軍事研究と科学者~どう向き合うか?
衆院選アンケート結果分かれる
先の衆議院議員総選挙で、私は仲間とともに、各政党にアンケートを送付した。
その際、軍事研究に関する質問を行った。質問は以下のようなものだった。
「大学等の研究者への国防・軍事研究予算の配分について、今後どのようにしていくべきだと思いますか?」
それに対する各政党の返答は以下のようなものだった。
自由民主党 回答「その他」
わが国の高い技術力は防衛力の基盤であり、安全保障環境が一層厳しさを増す中、安全保障に関わる技術の優位性を維持・向上していくことは、将来にわたって、国民の命と平和な暮らしを守るために不可欠です。防衛省の「安全保障技術研究推進制度」は、防衛分野での将来における研究開発に資することを期待し、先進的な民生技術についての基礎研究を公募するものです。従って、公募制であることから、政府が特定の研究を強制するなどというものではなく、研究自体は研究者の自由に委ねられ、政府の関与は他省庁同様の進捗管理程度となっており、研究成果の公開性や研究の自主性や自律性が明確に担保されていることを確認しています。その一方で、当該制度について、一部の方から懸念が示されています。
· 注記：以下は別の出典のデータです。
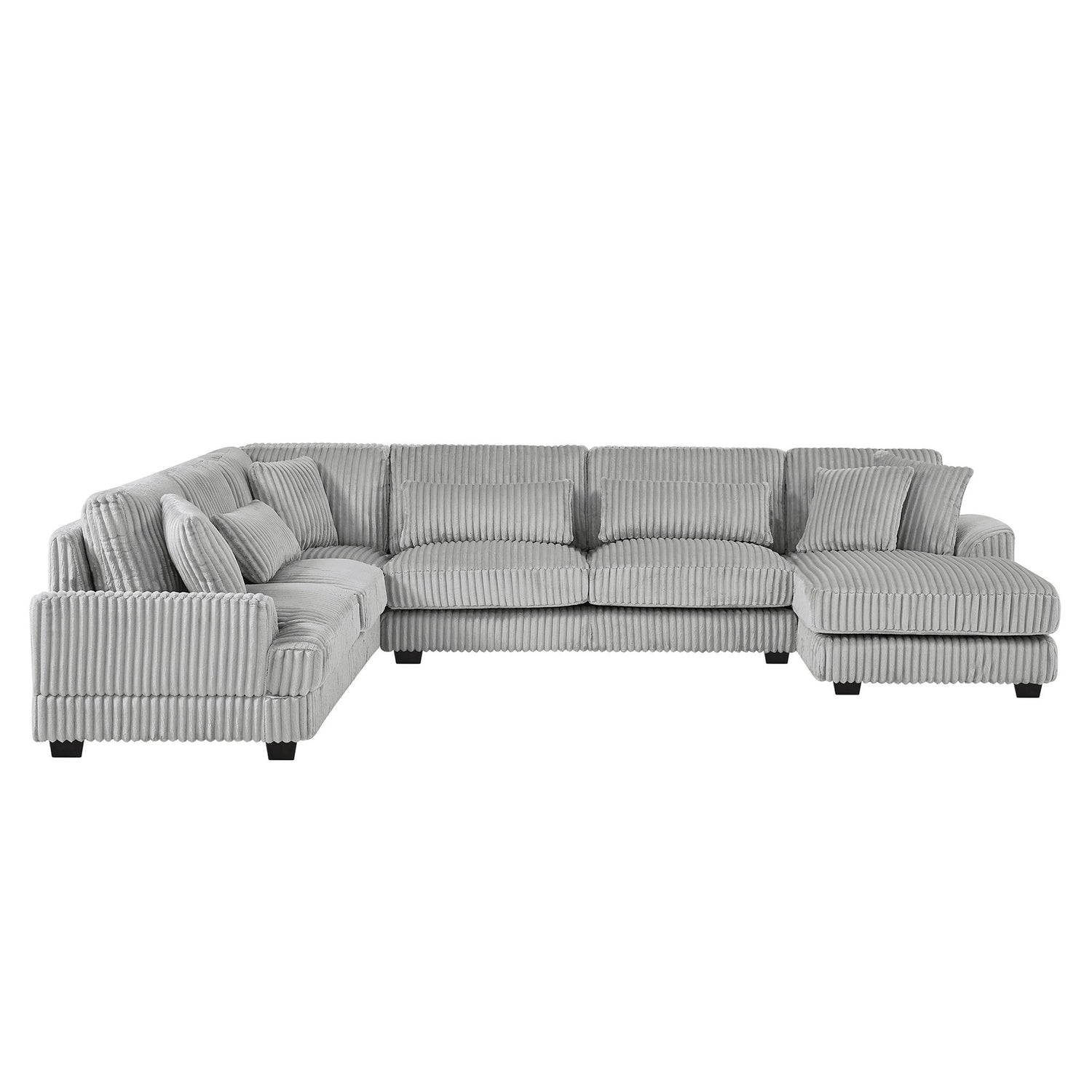 U - Shaped Sectional Sofa With Chaise Lounge, Oversized Living Room Sofa - Gray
自民党としては、これらを踏まえ、同制度の健全な発展と、それを通じた安全保障と科学技術の健全な関係構築のために、より一層の努力を政府に求めていく考えです。
公明党 回答「現状維持」
立憲民主党 回答「その他」
政府からの研究助成金提供が理由で、大学が実質的に防衛技術の研究を強いられることがあってはならないと考えます。
幸福実現党 回答「増やす」
日本の防衛産業力の強化の必要性から、防衛技術への投資を積極的に実施すべきと考えるから。
日本維新の会 回答「増やす」
我が国の国民の生命、財産を守るために、学術界の英知を活用することが非常に有効であるため。
日本共産党 回答「廃止する」
大学・研究機関の防衛省との軍事協力を強めていることは、「海外で戦争する国づくり」のために科学・技術を軍事利用し、学問研究の自由を脅かすものです。とりわけ防衛省の「安全保障技術研究推進制度」は、大学等を軍事研究の下請け機関へ変質させ、「学問の自由」をじゅうりんする、極めて危険な制度であり、廃止すべきです。
上記のように、各党の回答は分かれた。与党および維新、幸福実現党が積極的(もしくは現状維持)、立憲民主党、共産党が反対を示している。
大学と軍事研究の現状
選挙アンケートにおける軍事研究に関する質問は、2014年の総選挙から行っている(科学技術を重視する党は?公開質問状に対する各党の回答)。この時点では、軍事研究という直接的な言葉で質問することすら、思い切ったことをするな、と思われるくらいだった。
大阪大学の平川秀幸教授は、朝日新聞の論壇時評「論壇委員が選ぶ今月の3点」のなかで、上記記事を選んでくださっている(2014年12月25日付朝日新聞朝刊)。
それから3年たった。もはや軍事研究に関する意見を口にすることがタブーではなくなったくらい状況が変化している。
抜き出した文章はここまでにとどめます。